EXERCISE PROMPT - The lines below, from the one holding "Verzenden, Gebruikt, Kunststof" through the final line, are to be copied exactly, with no other lines and no pictures.

Image-text web data:
.....
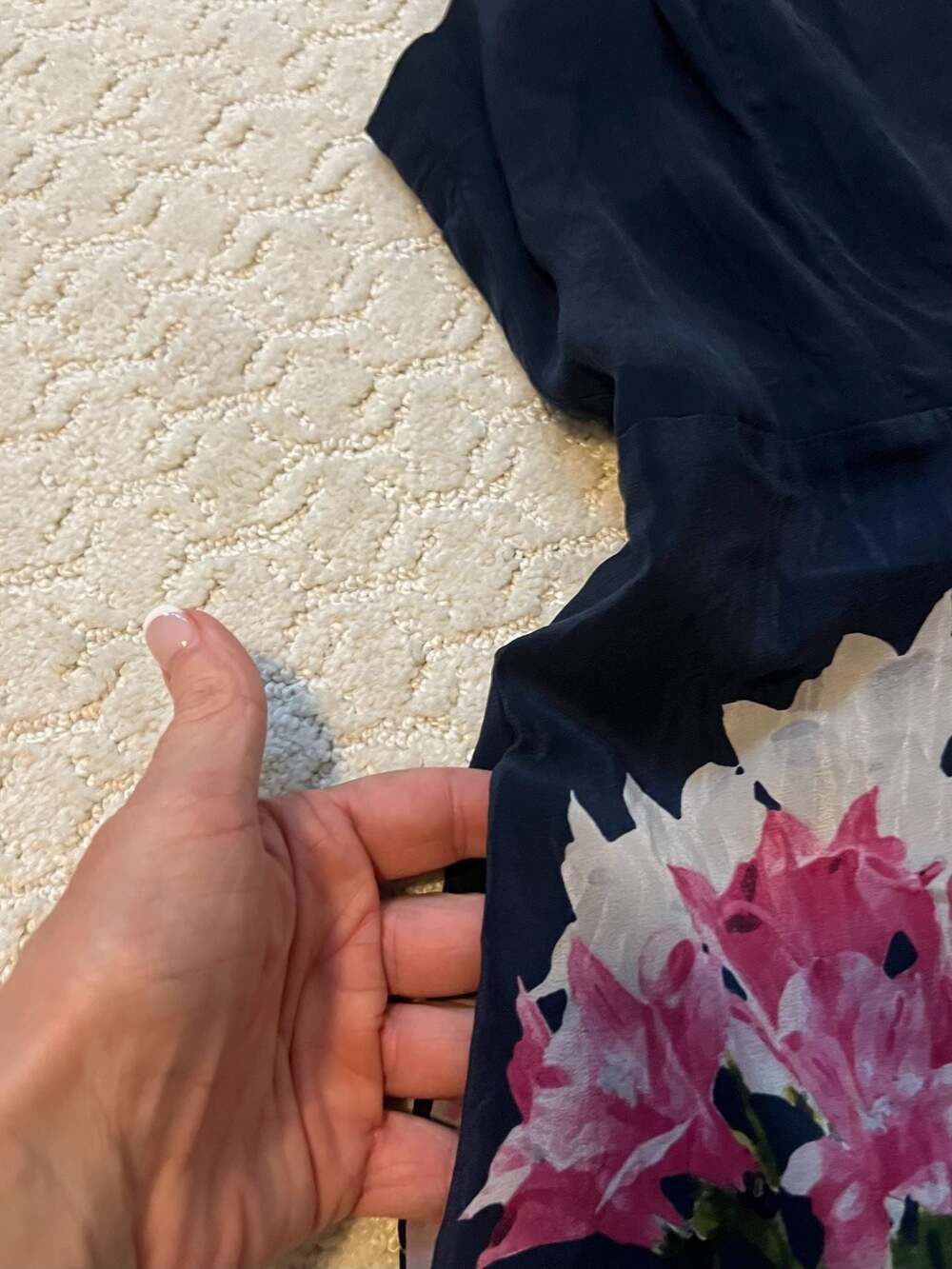 Anthropologie Moulinette Soeurs Floral Silk Dress 4 - Picture 4 of 5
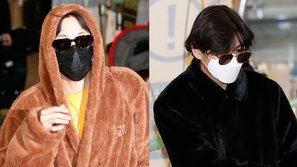 J-Hope và V (BTS) khiến netizen 'đứng hình' vì outfit sân bay: Người diện áo choàng tắm, người lại 'thời trang phang thời tiết'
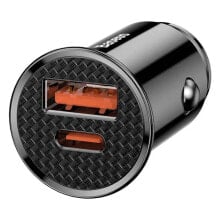 BASEUS 30W 3A 1xUSB-A 1xUSB-C Car Charger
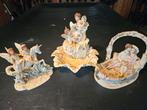 capodimonte beelden  set van 3 Engelen- en Figurenbeelden, Tuin en Terras, Tuinbeelden, Ophalen of Verzenden, Gebruikt, Kunststof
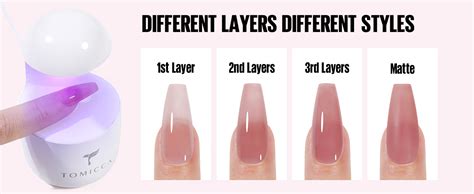 Tomicca Uv Nagellack Set Farben Gel Mit Base No Wipe Top Coat Milchig Wei Rosa Nude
.....
FINAL ANSWER -
 capodimonte beelden  set van 3 Engelen- en Figurenbeelden, Tuin en Terras, Tuinbeelden, Ophalen of Verzenden, Gebruikt, Kunststof
 Tomicca Uv Nagellack Set Farben Gel Mit Base No Wipe Top Coat Milchig Wei Rosa Nude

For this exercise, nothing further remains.